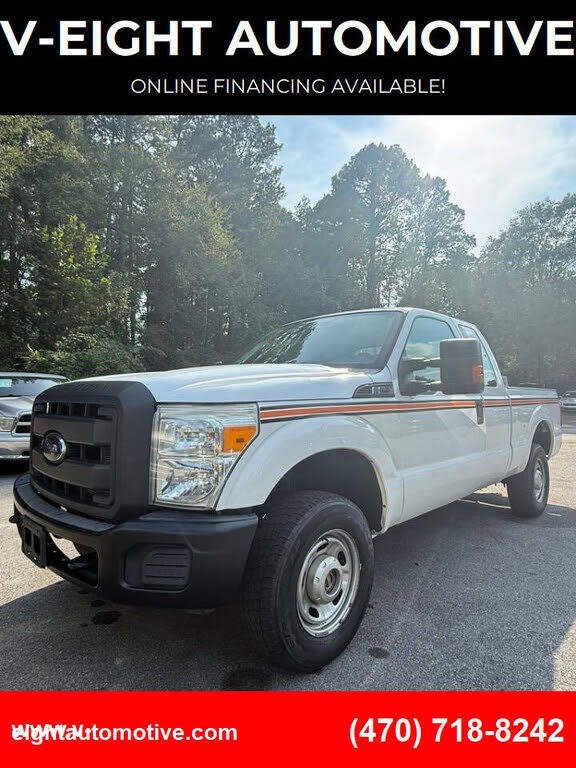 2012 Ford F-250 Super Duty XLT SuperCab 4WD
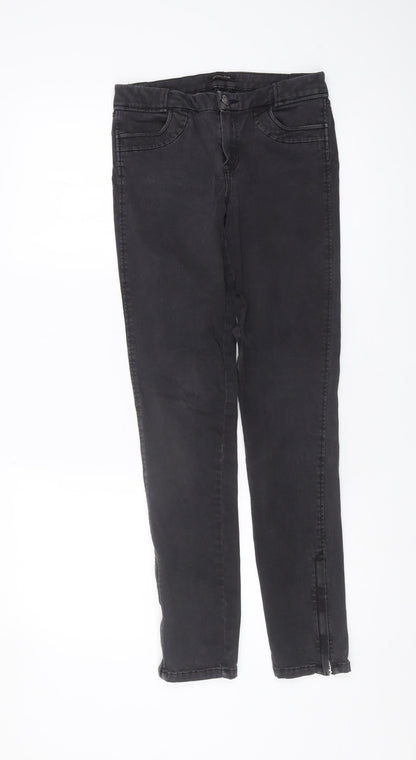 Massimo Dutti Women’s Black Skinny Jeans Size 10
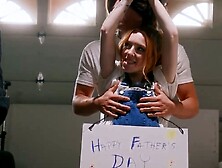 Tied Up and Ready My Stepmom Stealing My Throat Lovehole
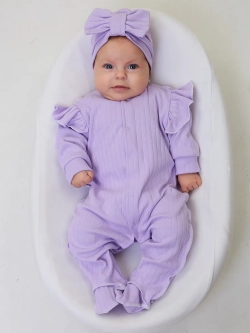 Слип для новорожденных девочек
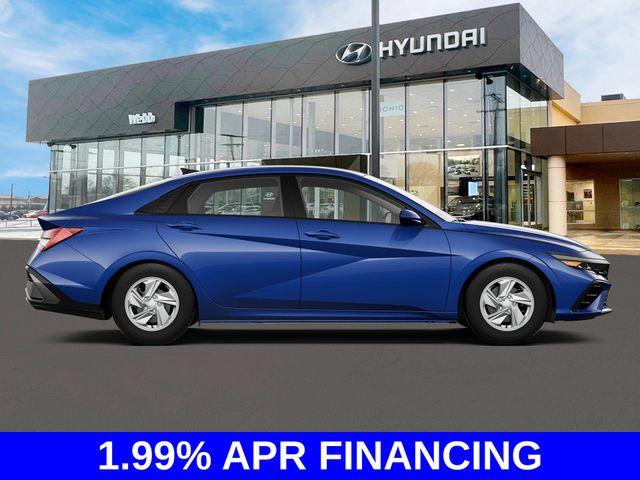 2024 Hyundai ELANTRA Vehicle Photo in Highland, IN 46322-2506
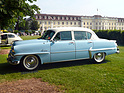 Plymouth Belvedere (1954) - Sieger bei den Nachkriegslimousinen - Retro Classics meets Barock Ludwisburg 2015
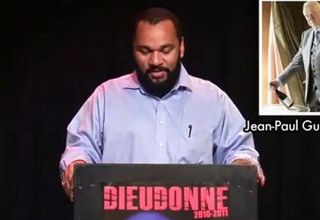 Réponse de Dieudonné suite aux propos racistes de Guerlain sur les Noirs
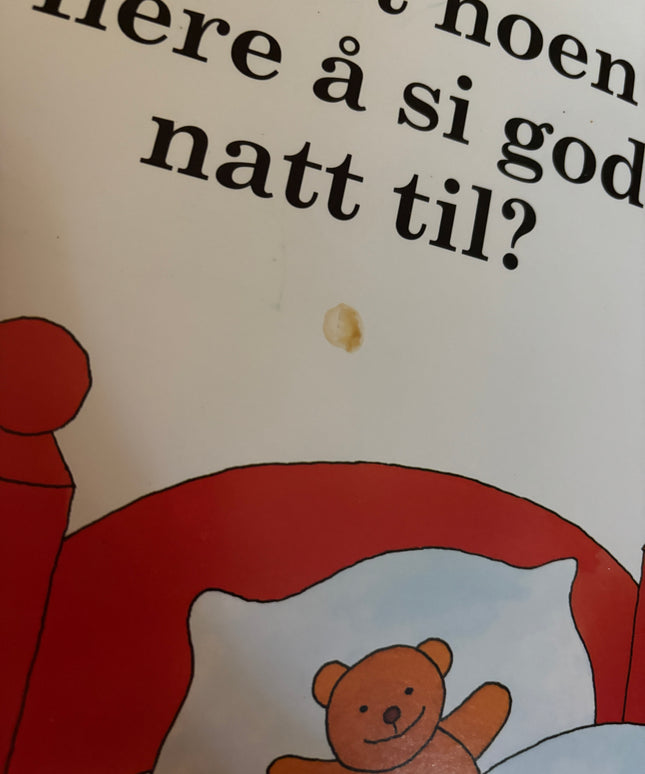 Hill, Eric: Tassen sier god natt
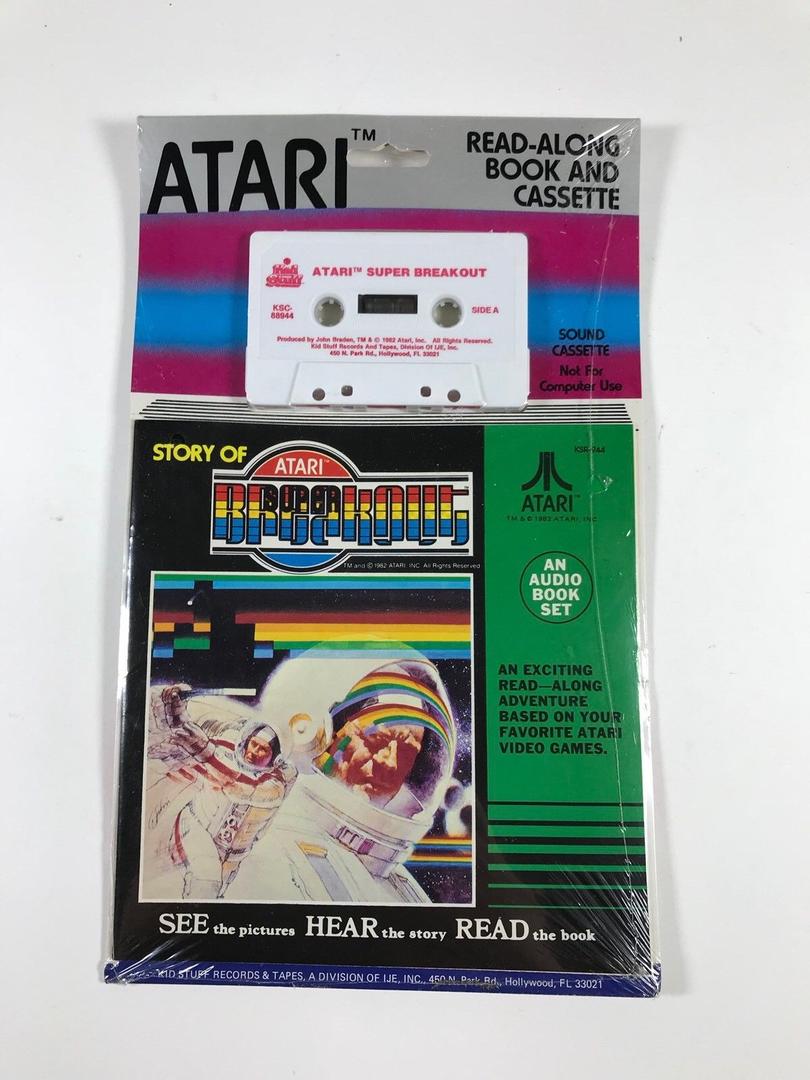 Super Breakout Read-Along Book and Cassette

================

*Assignment*. Leave the pictures out. Extract exactly the lines running from the one with "Tied Up and" through the last entry, both ends included.

*Result for this task*.
 Tied Up and Ready My Stepmom Stealing My Throat Lovehole
 Слип для новорожденных девочек
 2024 Hyundai ELANTRA Vehicle Photo in Highland, IN 46322-2506
 Plymouth Belvedere (1954) - Sieger bei den Nachkriegslimousinen - Retro Classics meets Barock Ludwisburg 2015
 Réponse de Dieudonné suite aux propos racistes de Guerlain sur les Noirs
 Hill, Eric: Tassen sier god natt
 Super Breakout Read-Along Book and Cassette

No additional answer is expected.